_Assignment:_
Pictures are not part of the copy. Set down exactly the lines from the one containing "Immagine di DrayTek Vigor 2765 (VDSL2/ADSL2)" through the last line of the material below.

_Data shown:_
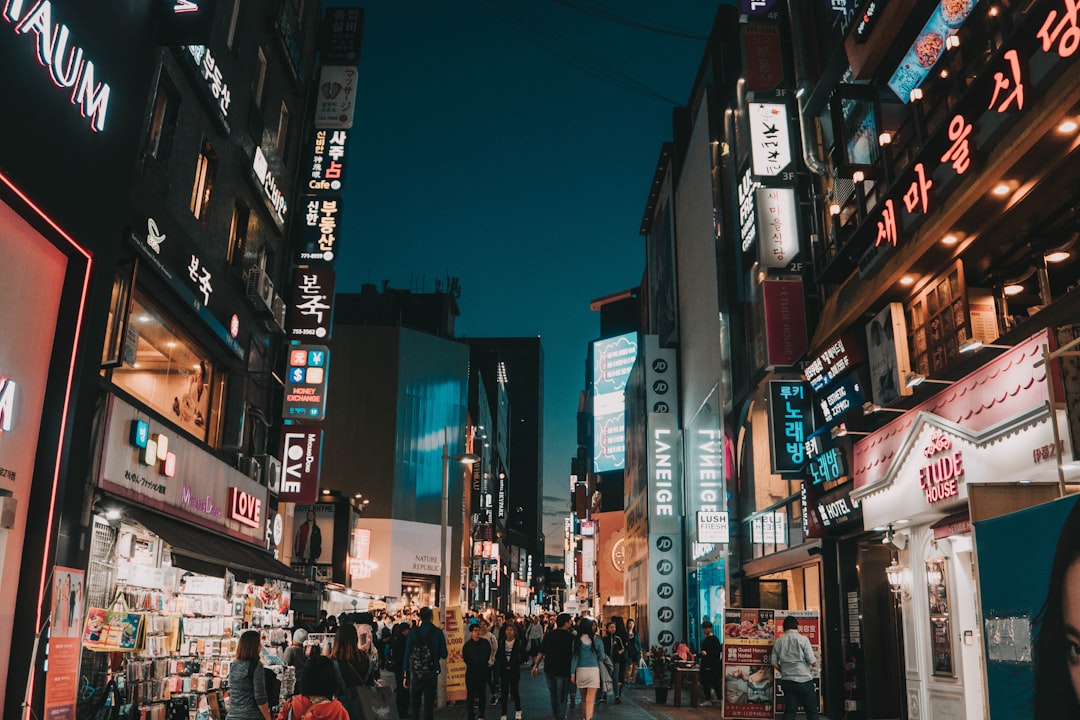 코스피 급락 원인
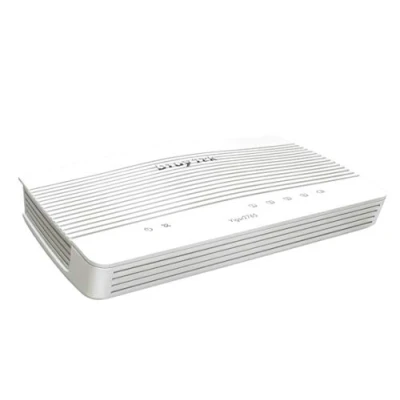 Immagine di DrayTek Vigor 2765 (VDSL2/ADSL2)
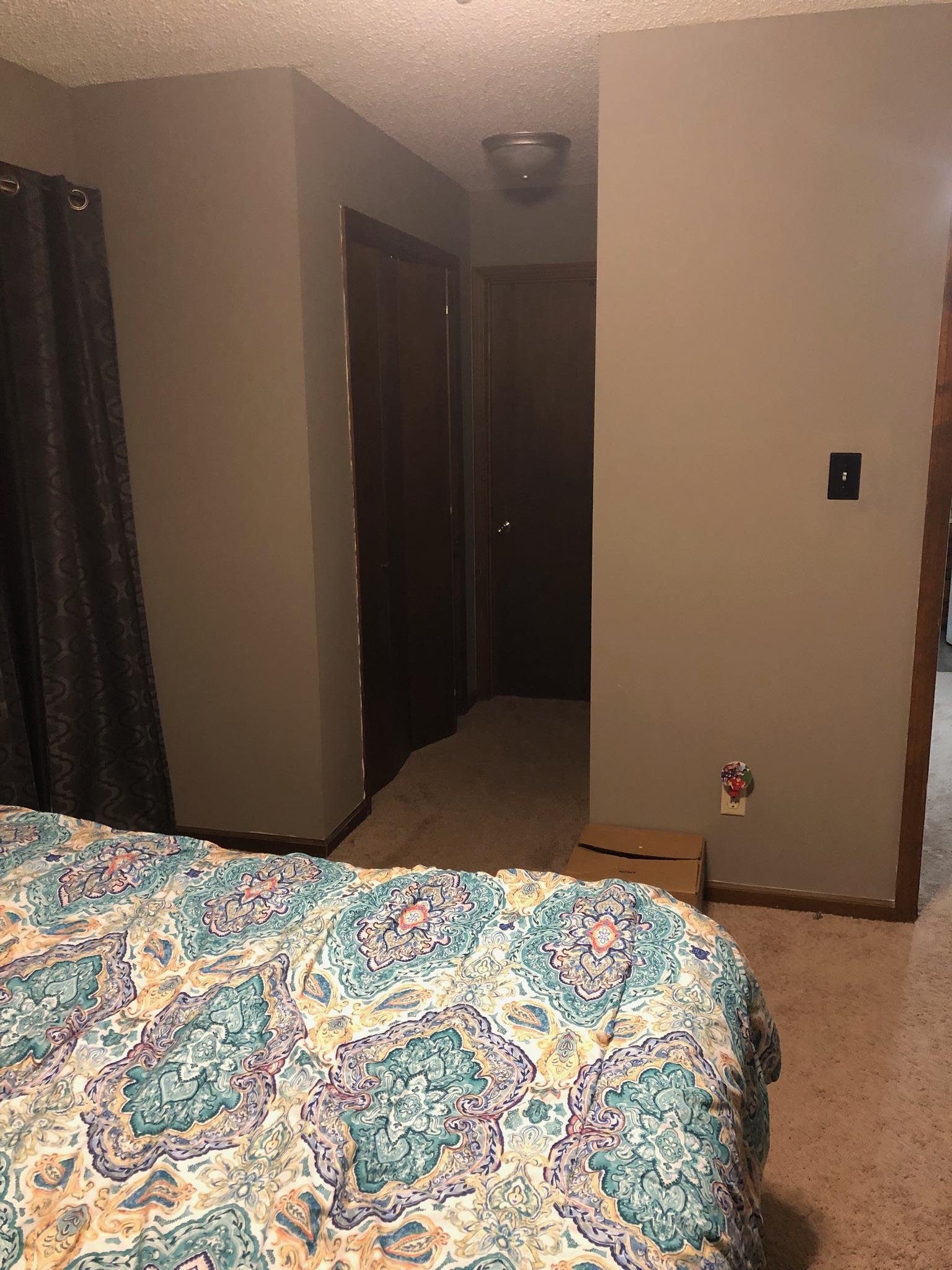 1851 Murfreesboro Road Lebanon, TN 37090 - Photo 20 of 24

_Answer area:_
 Immagine di DrayTek Vigor 2765 (VDSL2/ADSL2)
 1851 Murfreesboro Road Lebanon, TN 37090 - Photo 20 of 24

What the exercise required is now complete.